Personally, I’d rather work with someone who’s actually done campaigns and worked on live sites than someone who just has a ton of certifications.

Learn More: Best Way to Learn Internet Marketing

Google AdWords Experts

One of Neil’s team members is certified as a Google AdWords expert, but he sucks so badly at AdWords that Neil would not have him touch my campaigns with a 10-foot pole. Guess what kind of certification Neil has with Google AdWords? None. It comes down to experience.

When I first took over Single Grain, I was trying to revamp a lot of things. We really didn’t have any processes in place so my goal was to make sure everybody was on the same page and thus we tried to run people through certifications. We had people do the HubSpot certification, we had people get Google AdWords certified—everybody got certified.

Available AdWords certification exams

They got certified pretty quickly, and I thought, “Wow, we’re good to go now. We’re golden, right?” Nothing could have been further from the truth.

Related Content: How to Set Up Call Tracking in Google AdWords

What to Do Instead of Getting Certified

If you’re looking to really get started, you’re probably better off learning on your own and actually executing real marketing campaigns and experiments.

That’s not to say that HubSpot and Moz are completely worthless.
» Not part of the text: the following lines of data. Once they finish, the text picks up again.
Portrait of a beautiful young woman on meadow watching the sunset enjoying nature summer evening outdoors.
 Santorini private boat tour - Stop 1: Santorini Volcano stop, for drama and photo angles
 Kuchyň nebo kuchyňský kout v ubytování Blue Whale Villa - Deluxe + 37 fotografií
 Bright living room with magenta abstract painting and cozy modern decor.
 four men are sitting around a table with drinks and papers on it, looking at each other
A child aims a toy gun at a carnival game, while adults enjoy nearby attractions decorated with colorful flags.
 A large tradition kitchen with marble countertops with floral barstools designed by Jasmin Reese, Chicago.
I think their free certifications are still a good knowledge source. But like I said, you’re basically just memorizing answers to a test; it’s not really impressive at all. You actually have to bring real-world skills to the table.

HubSpot marketing certification

Getting a certification from a for-profit college or getting a master’s degree in digital marketing is not going to help much either because you’re not getting the real-world experience you need.

If you want to learn how to get that real-world experience, a good starting point is one of our older posts where we talk about how to learning marketing.

A Good Degree ≠ a Good Marketer

I have a buddy who loves hiring people from Stanford. These are really smart kids, but they’re book-smart. Right now, he’s trying to teach them how to grow a business through marketing in order to generate sales. These guys run everything like a textbook, just as if they’re getting certified or taking a test. They’re following all the rules, but they’re generating zero sales.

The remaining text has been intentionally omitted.